WHAT THE TASK ASKS:
Repeat nothing but the lines below running from the one containing "What type of" to the one containing "When am I going". Keep both end lines.

ENTRIES SHOWN:
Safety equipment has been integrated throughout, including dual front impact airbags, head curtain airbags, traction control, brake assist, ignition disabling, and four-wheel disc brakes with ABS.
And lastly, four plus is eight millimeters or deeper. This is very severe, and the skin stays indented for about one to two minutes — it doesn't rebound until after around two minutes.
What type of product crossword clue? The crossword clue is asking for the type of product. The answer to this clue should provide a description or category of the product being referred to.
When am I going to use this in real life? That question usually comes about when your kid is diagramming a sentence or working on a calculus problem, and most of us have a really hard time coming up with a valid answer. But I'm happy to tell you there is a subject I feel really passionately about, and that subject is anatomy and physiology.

---

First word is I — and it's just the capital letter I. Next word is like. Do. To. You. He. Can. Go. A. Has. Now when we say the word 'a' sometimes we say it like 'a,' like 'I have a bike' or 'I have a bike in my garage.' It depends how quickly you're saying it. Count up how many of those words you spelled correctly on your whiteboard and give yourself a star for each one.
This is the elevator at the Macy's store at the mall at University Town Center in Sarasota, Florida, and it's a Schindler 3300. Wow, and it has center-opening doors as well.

WRITTEN ANSWER:
What type of product crossword clue? The crossword clue is asking for the type of product. The answer to this clue should provide a description or category of the product being referred to.
When am I going to use this in real life? That question usually comes about when your kid is diagramming a sentence or working on a calculus problem, and most of us have a really hard time coming up with a valid answer. But I'm happy to tell you there is a subject I feel really passionately about, and that subject is anatomy and physiology.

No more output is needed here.